## EXERCISE PROMPT
Given these entries, repeat exactly the lines starting with the one that has "Black halloween funny spooky ghost" and going on through the one that has "ANJHOME Mid Century", both included, but none of the pictures.

(Scraped caption text data)

_ _ _

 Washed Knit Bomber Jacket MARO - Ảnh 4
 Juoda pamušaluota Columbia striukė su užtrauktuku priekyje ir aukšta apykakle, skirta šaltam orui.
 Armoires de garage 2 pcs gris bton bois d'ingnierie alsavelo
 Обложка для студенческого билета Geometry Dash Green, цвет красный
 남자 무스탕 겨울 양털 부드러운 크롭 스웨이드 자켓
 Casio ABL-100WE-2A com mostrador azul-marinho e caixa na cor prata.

_ _ _

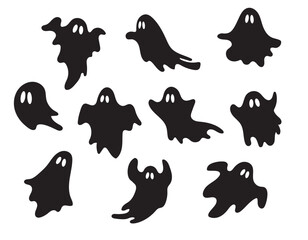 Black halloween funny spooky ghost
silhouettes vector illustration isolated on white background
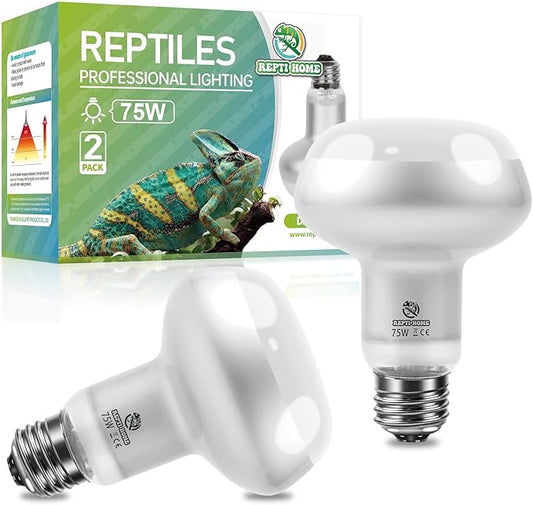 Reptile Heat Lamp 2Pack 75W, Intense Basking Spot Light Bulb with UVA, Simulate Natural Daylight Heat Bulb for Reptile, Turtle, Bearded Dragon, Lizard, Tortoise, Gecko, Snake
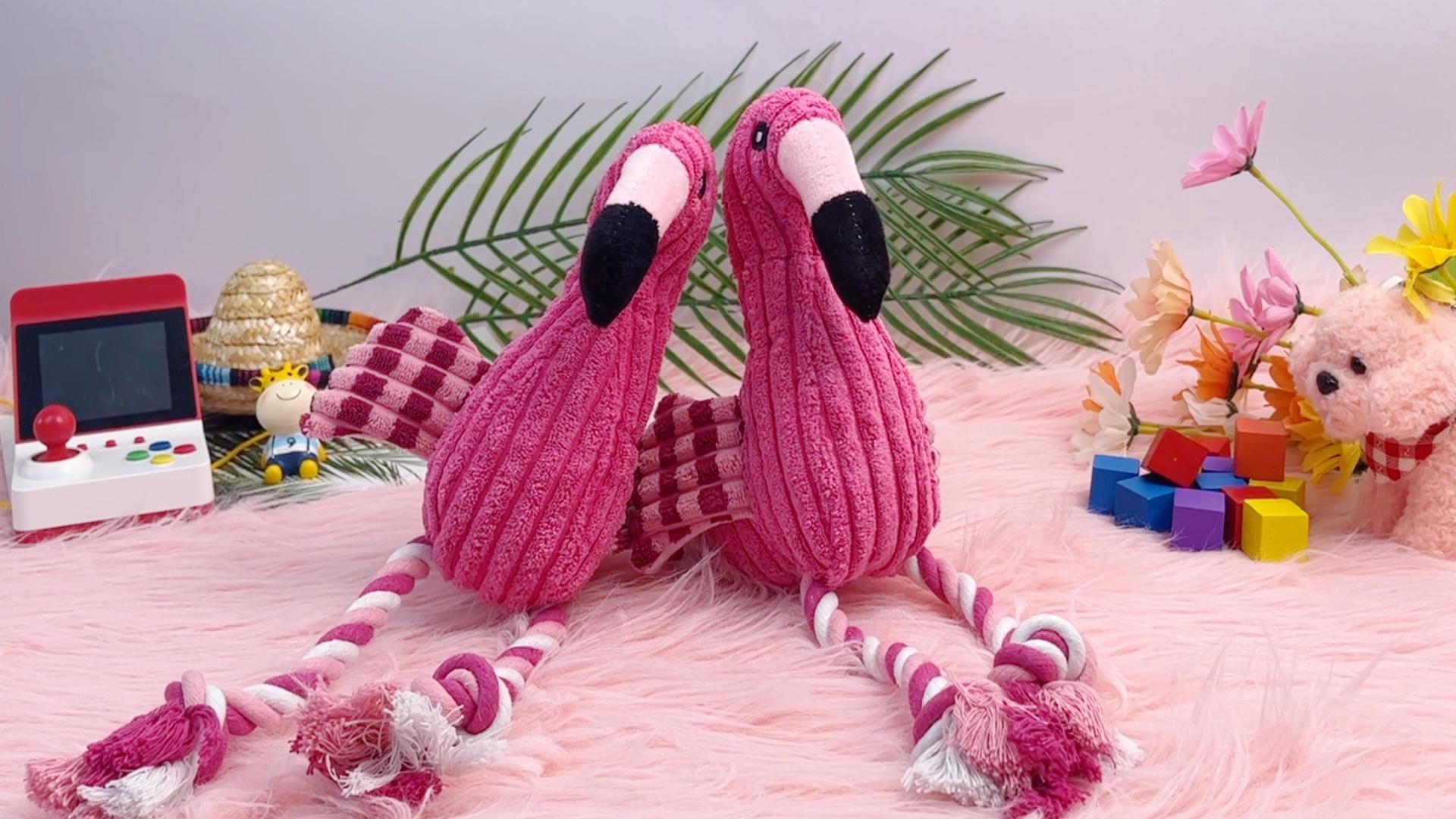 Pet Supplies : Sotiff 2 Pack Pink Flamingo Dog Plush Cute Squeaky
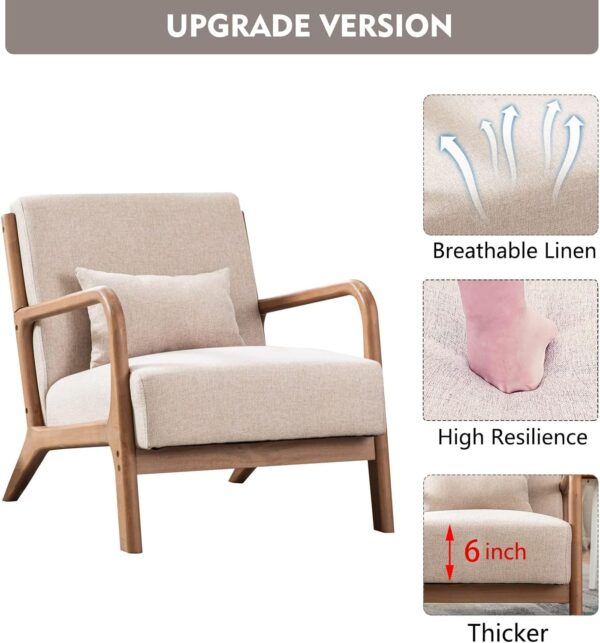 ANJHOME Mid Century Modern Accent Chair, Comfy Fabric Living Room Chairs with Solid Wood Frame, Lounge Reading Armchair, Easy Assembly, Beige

_ _ _

## ANSWER
 Black halloween funny spooky ghost
silhouettes vector illustration isolated on white background
 Reptile Heat Lamp 2Pack 75W, Intense Basking Spot Light Bulb with UVA, Simulate Natural Daylight Heat Bulb for Reptile, Turtle, Bearded Dragon, Lizard, Tortoise, Gecko, Snake
 Pet Supplies : Sotiff 2 Pack Pink Flamingo Dog Plush Cute Squeaky
 ANJHOME Mid Century Modern Accent Chair, Comfy Fabric Living Room Chairs with Solid Wood Frame, Lounge Reading Armchair, Easy Assembly, Beige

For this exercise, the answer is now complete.